Of course the t-SNE embedding is much more similar to UMAP with exaggeration ~4, and

%time Z = fast_tsne(X50, seed=42, learning_rate=X.shape[0]/12, late_exag_coeff=4, start_late_exag_iter=250)

runs in Wall time: 57.7 s because the embedding does not expand that much (despite high learning rate). But this isn't really t-SNE anymore.

I still think that lr = n/12 is the most reasonable default we can use (there is literature to cite for this choice, namely Belkina et al. + my paper), but I wanted to voice this concern. One could use some other factor, e.g. lr = n/70 to make it be exactly 1000 on MNIST, but this is hard to motivate.

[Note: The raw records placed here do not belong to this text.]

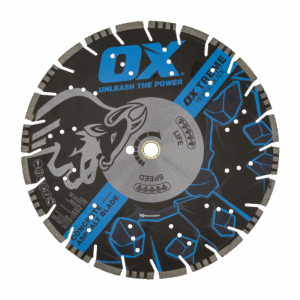 OX Ultimate 12" OXTreme Multi-Cut Blade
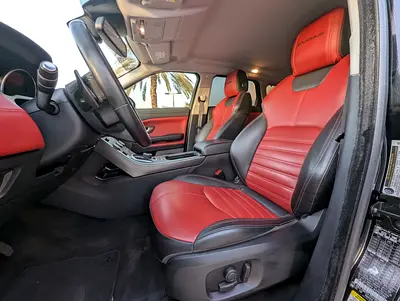 2018 LAND Rover RANGE ROVER EVOQUE — миниатюра 6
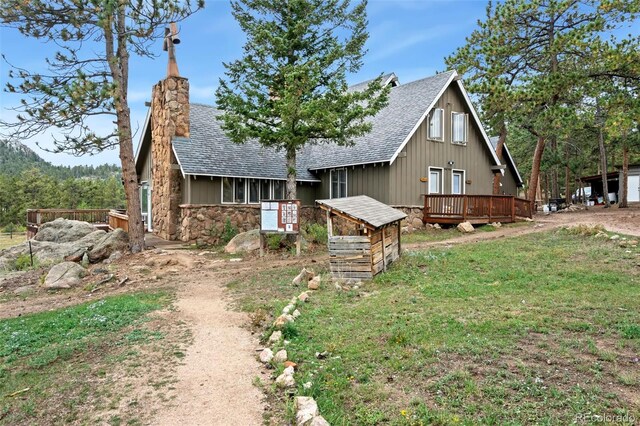 17931 W County Road 74e, Red Feather Lakes, CO 80545 - photo 31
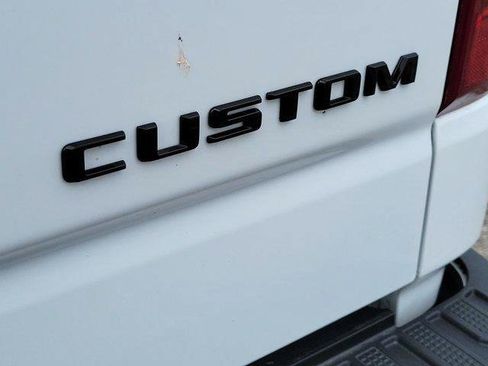 Used 2023 Chevrolet Silverado 1500 Custom w/ LPO, Dark Essentials Package AWD/4WD image 5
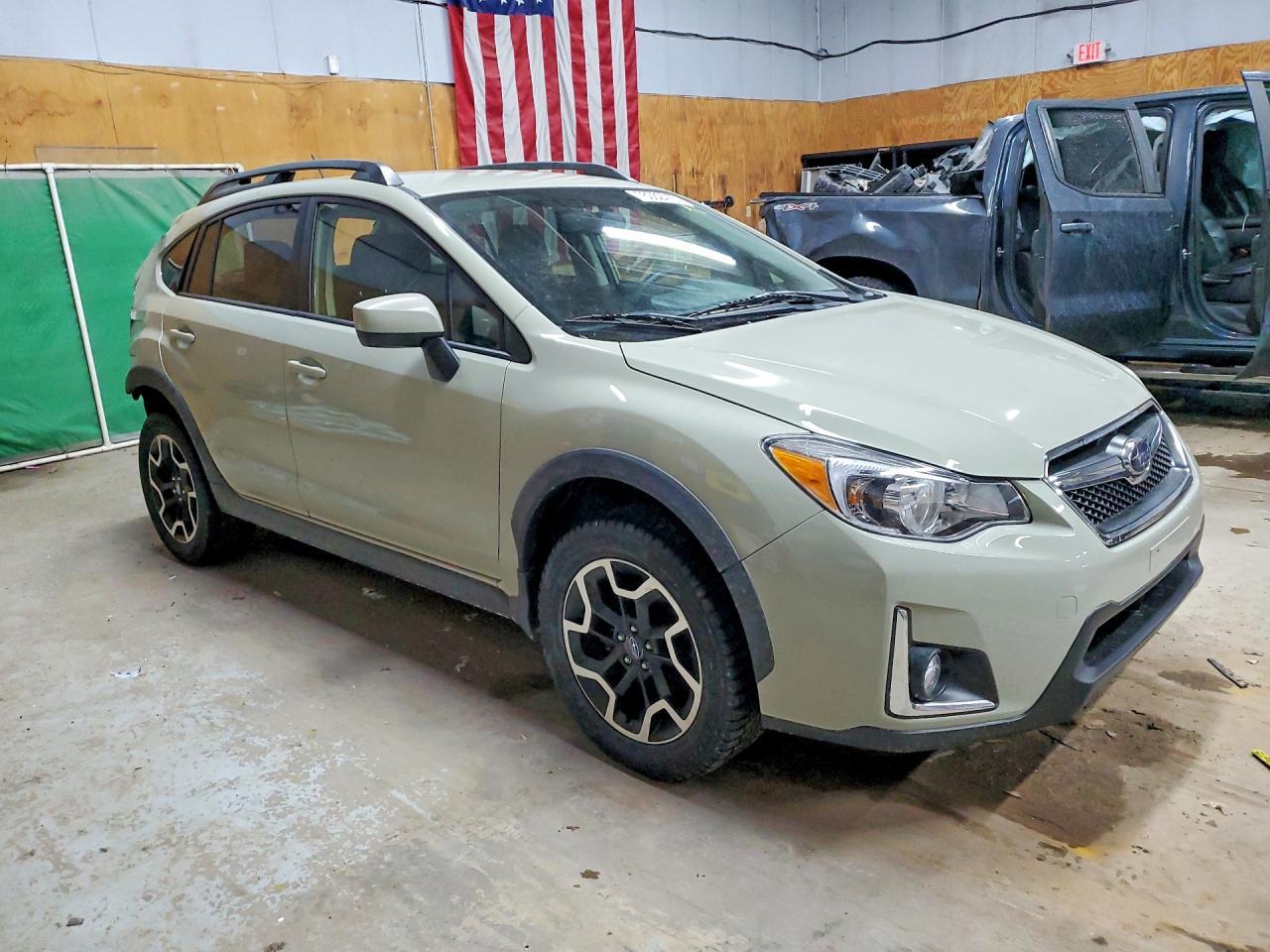 2016 SUBARU Crosstrek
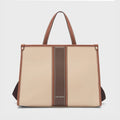 Monroe Mabel Beige Satchel - Lino Perros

linqiaozhi commented 4 years ago

@dkobak, thanks for running the benchmark, that is really good to know. I expect that actually, the embedding converges much quicker for this small dataset, and hence you don't need max_iters=1000 when the learning rate is increased. Unfortunately, we don't have good stopping criteria though.

So for MNIST, increasing the learning rate is not getting us anything, but makes us 3x slower, which is not great. It seems that we really would want to increase the learning rate for datasets that are much larger. What's the smallest dataset where you have noticed that increasing the learning rate makes a difference? Maybe the threshold should be something like 250,000?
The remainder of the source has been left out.